Task statement: Your answer should repeat exactly the lines from the one holding "Pictured Truth; A" through the end of the data, and it should contain no pictures.

===== Data supplied =====

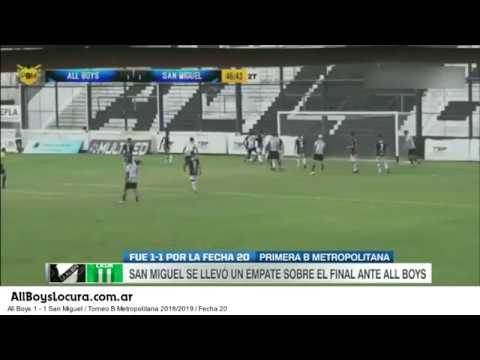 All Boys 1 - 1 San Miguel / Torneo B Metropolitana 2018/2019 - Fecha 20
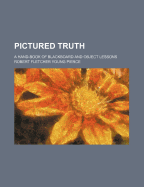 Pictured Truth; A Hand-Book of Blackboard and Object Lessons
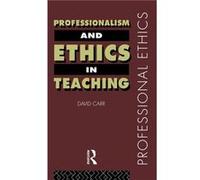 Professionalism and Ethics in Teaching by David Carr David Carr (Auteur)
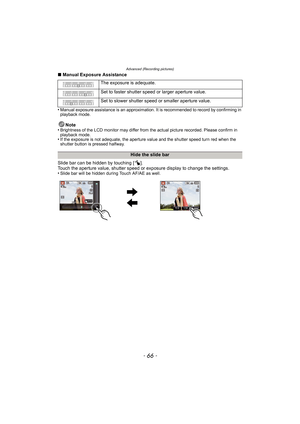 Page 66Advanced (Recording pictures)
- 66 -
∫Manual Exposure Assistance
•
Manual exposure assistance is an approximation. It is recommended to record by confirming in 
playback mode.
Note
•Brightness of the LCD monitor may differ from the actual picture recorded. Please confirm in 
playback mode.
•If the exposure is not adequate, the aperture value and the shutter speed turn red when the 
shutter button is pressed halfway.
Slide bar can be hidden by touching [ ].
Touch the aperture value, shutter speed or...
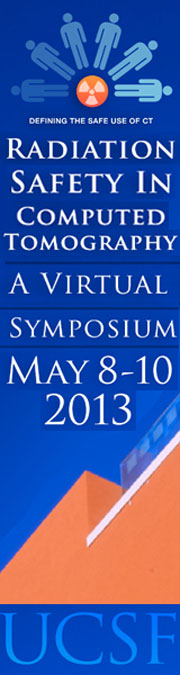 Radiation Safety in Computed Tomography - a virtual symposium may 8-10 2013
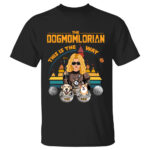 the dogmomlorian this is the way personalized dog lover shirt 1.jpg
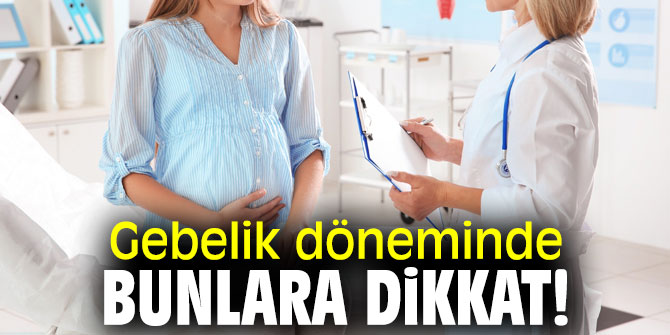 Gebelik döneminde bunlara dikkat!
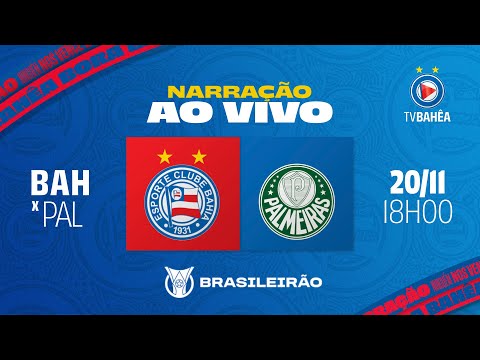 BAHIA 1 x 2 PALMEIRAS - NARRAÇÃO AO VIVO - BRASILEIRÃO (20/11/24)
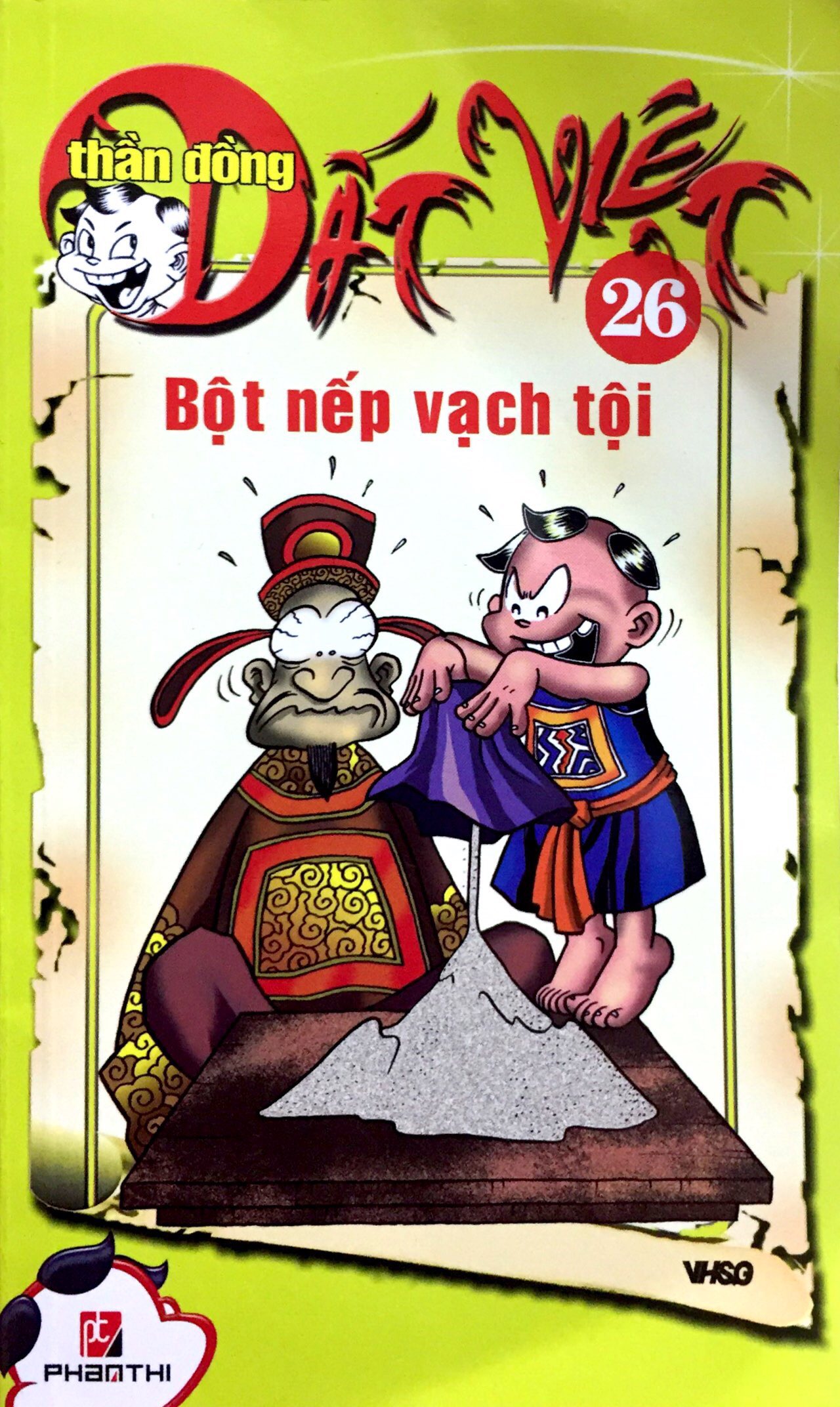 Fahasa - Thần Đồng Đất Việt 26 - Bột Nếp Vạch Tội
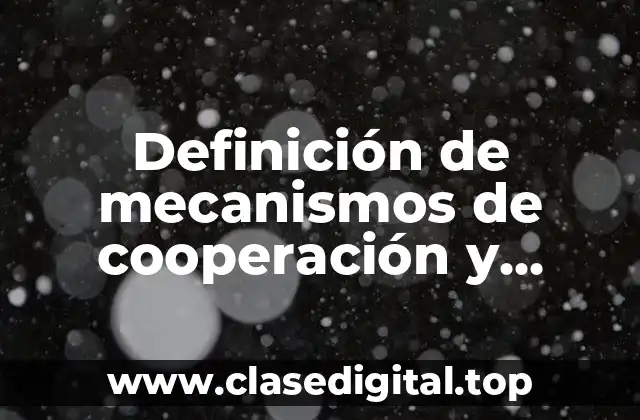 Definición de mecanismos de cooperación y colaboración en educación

=====

Reply:
 Pictured Truth; A Hand-Book of Blackboard and Object Lessons
 Professionalism and Ethics in Teaching by David Carr David Carr (Auteur)
 Page 66Advanced (Recording pictures)
- 66 -
∫Manual Exposure Assistance
•
Manual exposure assistance is an approximation. It is recommended to record by confirming in 
playback mode.
Note
•Brightness of the LCD monitor may differ from the actual picture recorded. Please confirm in 
playback mode.
•If the exposure is not adequate, the aperture value and the shutter speed turn red when the 
shutter button is pressed halfway.
Slide bar can be hidden by touching [ ].
Touch the aperture value, shutter speed or...
 Radiation Safety in Computed Tomography - a virtual symposium may 8-10 2013
 the dogmomlorian this is the way personalized dog lover shirt 1.jpg
 Gebelik döneminde bunlara dikkat!
 BAHIA 1 x 2 PALMEIRAS - NARRAÇÃO AO VIVO - BRASILEIRÃO (20/11/24)
 Fahasa - Thần Đồng Đất Việt 26 - Bột Nếp Vạch Tội
 Definición de mecanismos de cooperación y colaboración en educación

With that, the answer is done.